This is an annual event in which people are encouraged to write 50,000 words in a month. It is tremendous fun and the community that has built up around it is amazing. Millions participate. The discussion forums are filled with writers at all hours of the day and night discussing everything from the intricacies of characterization and plotting, to tips and tricks for motivating the muse.

Did I mention that it’s a community? Did I mention that it’s fun?

I try to participate every year. The most I’ve ever managed to write is 28,000 words. Last year I wrote 1,167 words on the first day and never wrote again after that. Life got in the way, like it always does.

Sometime this summer, when I started getting NaNoWriMo emails again, I debated even thinking about participating. There are pros and cons to participating. It is, after all, in November. The Worst Possible Month Ever. There many naysayers, among the people I know, and among actual writers.

Some people I know say I’m too busy, or I have kids, or papers to grade, or scholarship to publish, or whatever. I get made fun of for various reasons. “Well, if you have time to write a novel…”

“Real writers” don’t like NaNoWriMo at all. They don’t like the idea of the rabble getting their grimy hands all over Art and Literature.

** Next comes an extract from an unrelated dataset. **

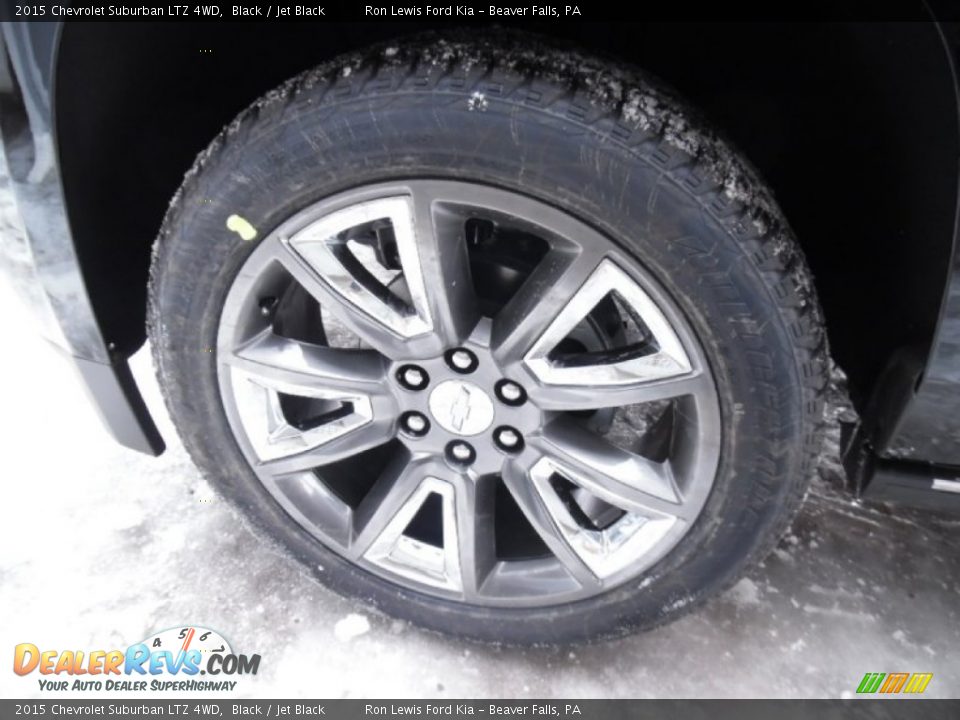 2015 Chevrolet Suburban LTZ 4WD Black / Jet Black Photo #5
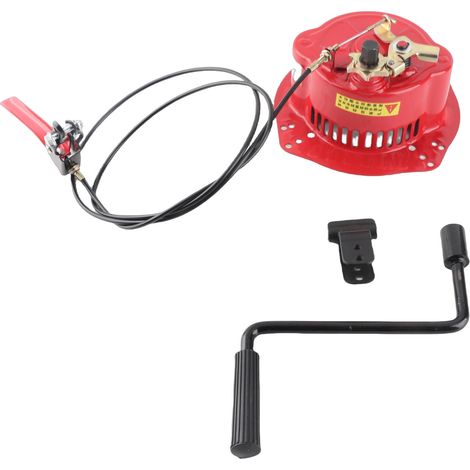 Sjlerst – Lanceur à Main pour Moteur Essence 170F 173F 178F 186F 188F 192F 195F – Démarreur Manuel de Remplacement – Pour Moteur Vertical Refroidi par Air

The Naysayers say that the poor literary agents and junior editors are inundated with crap on December 1st because the participants are apparently too stupid to either revise their novels or submit them properly. However I’ve discussed with this agents and editors I follow on Twitter and they say they don’t get more submissions than usual after NaNoWriMo.

The Naysayers say that real novels are longer than 50,000 words. While it’s true true that most novels average 60,000-120,000 words in length, most people I know who write a novel during NaNoWriMo either write more than 50,000 words the first time around, or they revise their first draft and add much more after NaNoWriMo.

But just for the sake of argument, here are some novels that are 50,000 words or less:

  • The Hitchhiker’s Guide to the Galaxy by Douglas Adams (46,333 words)
  • The Notebook by Nicholas Sparks (52,000 words)
  • The Red Badge of Courage by Stephen Crane (50,776 words)
  • The Great Gatsby by F. Scott Fitzgerald (50,061 words)
  • Lost Horizon by James Hilton
  • Shattered by Dean Koontz
  • Fight Club by Chuck Palahniuk
  • Of Mice and Men by John Steinbeck
  • Slaughterhouse-Five by Kurt Vonnegut, Jr.
  • The Invisible Man by H. G. Wells
  • As I Lay Dying by William Faulkner (56,695 words)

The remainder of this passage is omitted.